IMAGINE THERE’S NO CANCER: Vegas rockers Imagine Dragons aid pediatric cancer families
“The path to heaven runs through miles of clouded hell.”
So much hope clung to 10 haunting words.
“He had that lyric written on a banner in his room,” says Ben McKee, multi-instrumentalist/singer/songwriter of Las Vegas rock band Imagine Dragons, the slight catch in his voice betraying his emotions as he speaks of late pediatric cancer victim — and namesake of the band’s philanthropic foundation — Tyler Robinson. “It’s from (the Dragons’ song) ‘It’s Time’ and it was his anthem for getting through the chemotherapy treatments.”
And that is when music moves from a pleasure for the ears to a balm for the soul. “A song can be so much more than a song to people,” McKee says about the tune he co-wrote. “We put out songs and then it stops being art and becomes what anybody makes of it. Now that song always belongs to Tyler,” he says about the Utah teen who died in 2013 after succumbing to Rhabdomyosarcoma, a rare form of cancer. Yet during his illness, Tyler was brought by his big brother, Jesse, to see the pre-fame Dragons perform “It’s Time” at a small club in Provo — where, hoisted atop his sibling’s shoulders and bald from chemo, Tyler belted it out with passion.
“He was just lighting up,” McKee recalls. “It was one of the more meaningful moments we’ve ever had onstage.”
So meaningful, in fact, that the Imagine Dragons — McKee and bandmates Dan Reynolds, Wayne Sermon and Daniel Platzman — paid tribute to the admirable young cancer battler in a tangible way by creating the Tyler Robinson Foundation (TRF). On Sept. 14, the TRF, which assists families nationwide, will hold its fifth annual “Rise Up” gala — a sold-out affair — at Caesars Palace.
Honorees being saluted this year for their humanitarian efforts on behalf of the foundation are the Vegas Golden Knights, Live Nation, youth ambassador/Florida-based singer-songwriter Tris Weeks, and business executive/Dragons business manager Jeff Schwartz.
Should you wonder what made the young man they honor so special, visit the foundation’s website, where a letter Tyler wrote in the midst of his struggle is still posted. Writing of his despair at the surgery and treatments he faced, he told his mom he didn’t want to go through with it.
“Our local church leader came over that night and counseled with me,” Tyler wrote. “He told me that people who go through hard things either become bitter and angry, or they learn from it and become stronger. He told me that I had a choice to make. From that night on, I chose to be the bigger man.”

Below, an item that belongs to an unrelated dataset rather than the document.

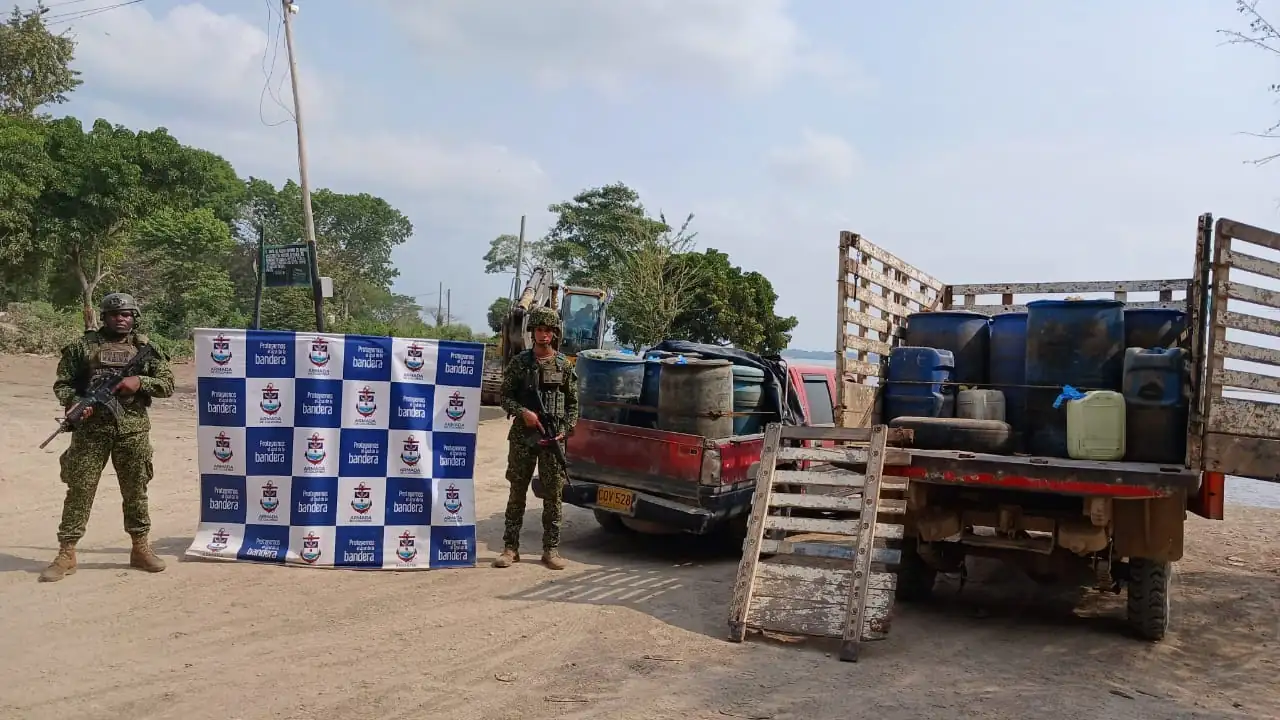 Insumos-para-el-procesamiento-de-coca-fueron-hallados-por-la-Armada-de-Colombia-en-Vigia-del-Fuerte-Antioquia.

On the opposite coast, in Pensacola, Fla., 17-year-old Tris Weeks, an Imagine Dragons fan, joined the foundation bandwagon, raising nearly $30,000 from open-mic nights and benefit concerts to fight pediatric cancer. “We take so many things for granted so often, and to hear a fellow teenager who is having to go through all these struggles while others are complaining about school and he just wants to be in school — that’s what made me know I had to do something,” Weeks says.

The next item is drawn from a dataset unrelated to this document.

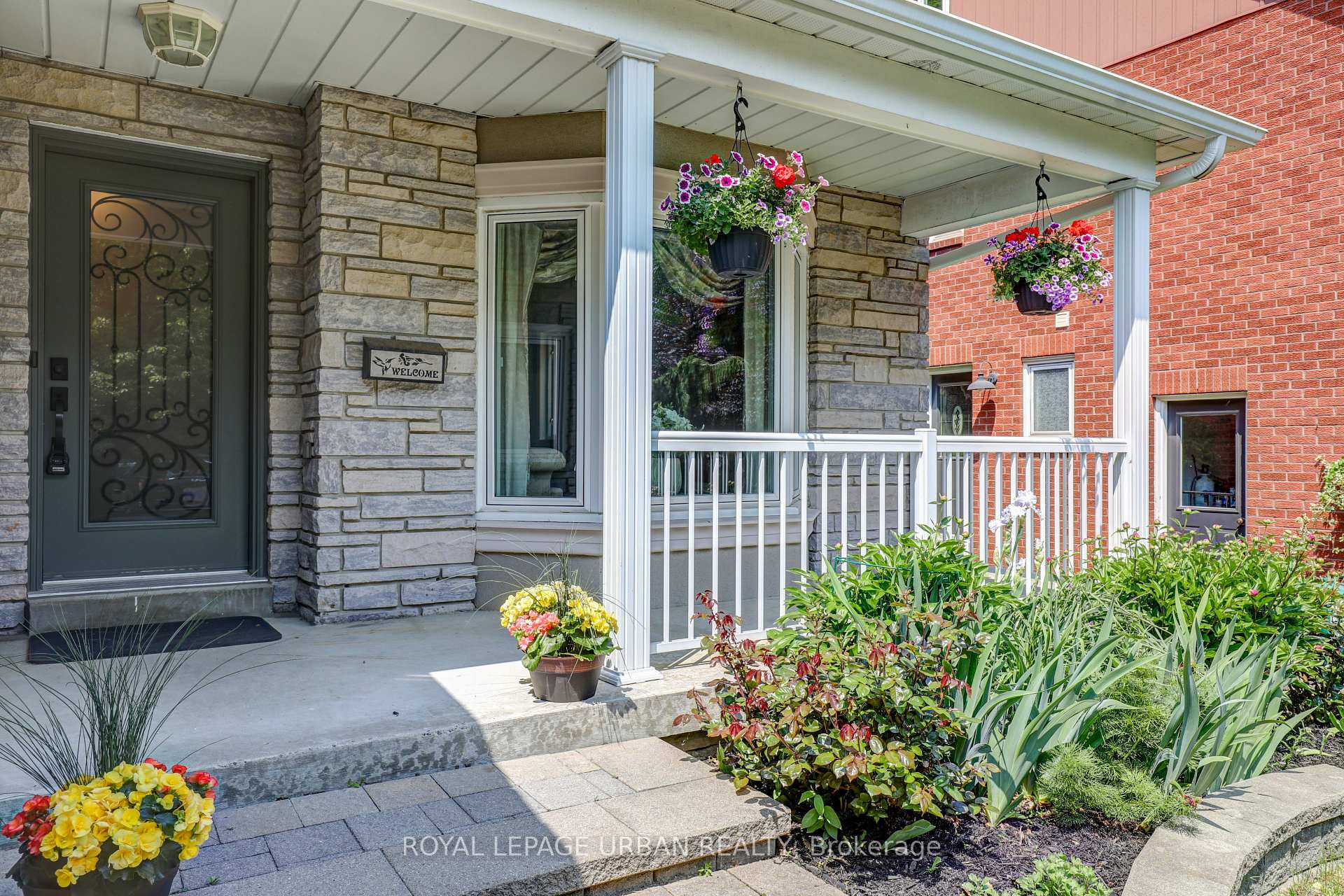 Photo 2 of 1023 Mountcastle Crescent, Pickering, Liverpool — HOMEH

“As a musician myself, I thought it was so incredible that music was at the root of it, that it was music that connected Tyler to the band. I feel like Tyler’s spirit is there every time the band sings that song.”
Having survived stage 4 kidney cancer in 2011 — after he was told he had mere months to live — Schwartz needed no prodding to deploy his business smarts to help the Dragons set up the foundation as a nonprofit. “It was very scary, so I have a very special place in my heart to speak out about cancer, and on top of that, I have two small kids,” says Schwartz, 60.
“When you’re an adult, the brain can process the fact you have cancer. But when you’re a child, you can’t interpret it. I can’t even imagine what those parents have to go through to explain to their child that they have cancer.”
Noting that children, by and large, are the most innocent victims of cancer — they don’t smoke to risk lung cancer, drink alcohol to court liver cancer or soak up the sun’s rays to invite skin cancer — McKee says the foundation is set up to help families with everything except treatment, addressing all the other financial burdens of the disease: parents losing work time or even their jobs to care for a cancer-stricken child; transportation costs to sometimes far-flung treatment centers; and paying for basic needs such as groceries and making mortgage payments, as well as expensive specialized diets for some young patients.
“So many aspects are severely debilitating to a family,” McKee says. “We even help them take a vacation, take the kids to Disneyland. A lot of times it’s not two parents with one kid; they might have four or five children, and one has cancer, and because of that they are not able to provide anything positive for the rest of the family. For them to be able to have a family trip means so much to raise the morale of the family through this incredibly dark time.”
Reflecting on the courageous young man he and his bandmates came to know, McKee adds: “He was being a support for his family, like he was the strong person helping those around him go through the experience of him having cancer. He was an incredible kid. We want that spirit to keep on beyond his life.”
Through that clouded hell that his idols, the Imagine Dragons, sang about, Tyler Robinson found the path to heaven.